- **Exercise brief**
Below are some records. Return exactly the lines from the one containing "UK Parent Route" through the one containing "北京应收账款质押流程怎么办？避坑技巧有哪些？", both included, and only those.

- **Supplied records**
******
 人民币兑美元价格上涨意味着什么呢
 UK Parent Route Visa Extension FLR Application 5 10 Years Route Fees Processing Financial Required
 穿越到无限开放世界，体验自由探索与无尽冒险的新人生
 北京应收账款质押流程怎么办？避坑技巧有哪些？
******
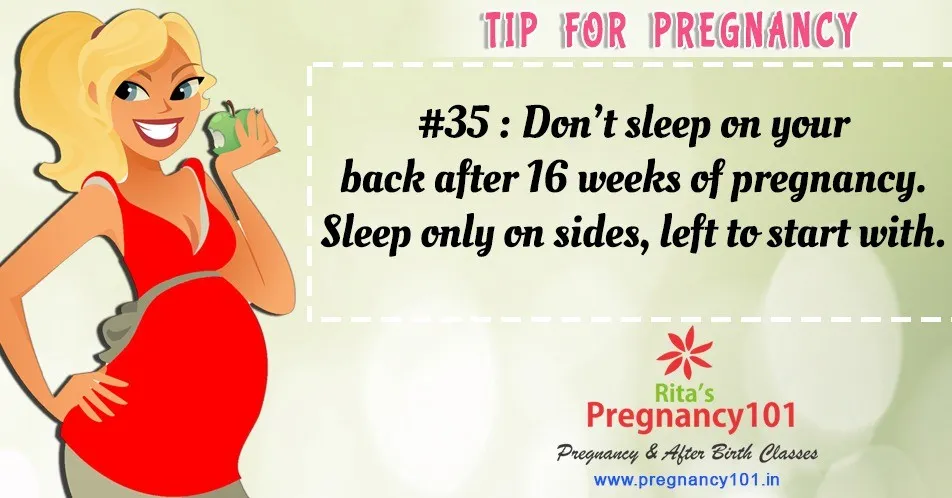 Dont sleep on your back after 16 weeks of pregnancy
******
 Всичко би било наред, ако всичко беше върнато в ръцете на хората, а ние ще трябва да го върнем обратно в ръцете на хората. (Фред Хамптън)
******
- **Task response**
 UK Parent Route Visa Extension FLR Application 5 10 Years Route Fees Processing Financial Required
 穿越到无限开放世界，体验自由探索与无尽冒险的新人生
 北京应收账款质押流程怎么办？避坑技巧有哪些？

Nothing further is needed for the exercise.